▶ TRY IT:
The lines from the one containing "Bohin Machine Aiguilles, Argent, Taille" through the final line of the listing below are what the answer must repeat, exactly and only, leaving pictures out.

▶ COLLECTED MATERIAL:

[Start of Attachment]

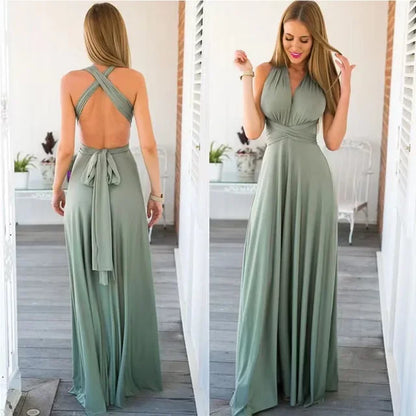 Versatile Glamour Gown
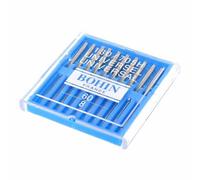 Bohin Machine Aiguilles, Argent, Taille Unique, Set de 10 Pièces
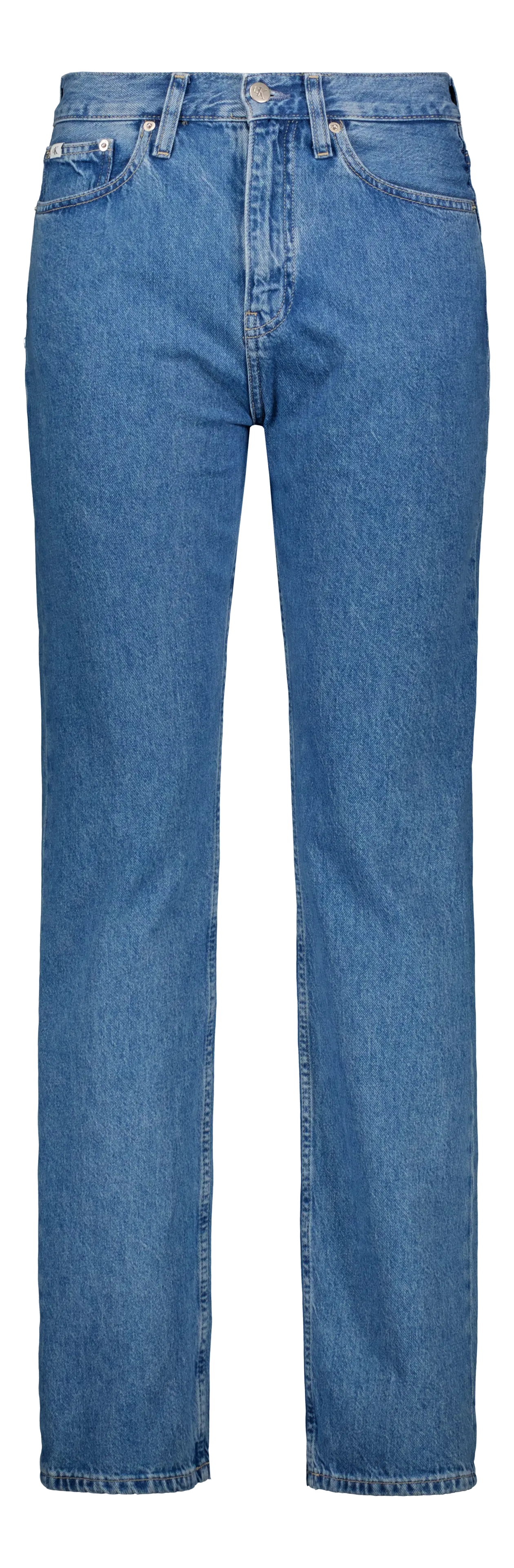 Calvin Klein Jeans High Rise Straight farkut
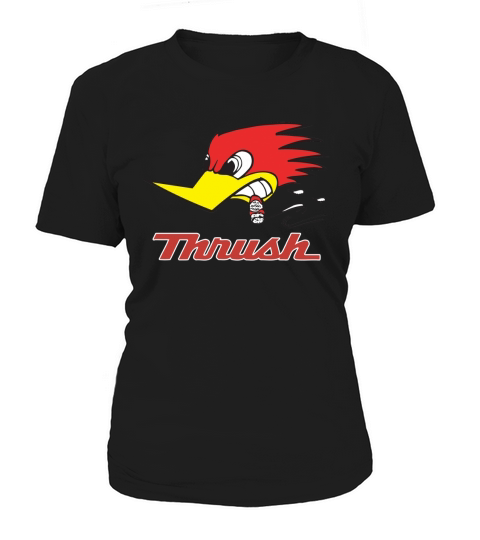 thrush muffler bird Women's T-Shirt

[End of Attachment]

▶ YOUR SOLUTION:
 Bohin Machine Aiguilles, Argent, Taille Unique, Set de 10 Pièces
 Calvin Klein Jeans High Rise Straight farkut
 thrush muffler bird Women's T-Shirt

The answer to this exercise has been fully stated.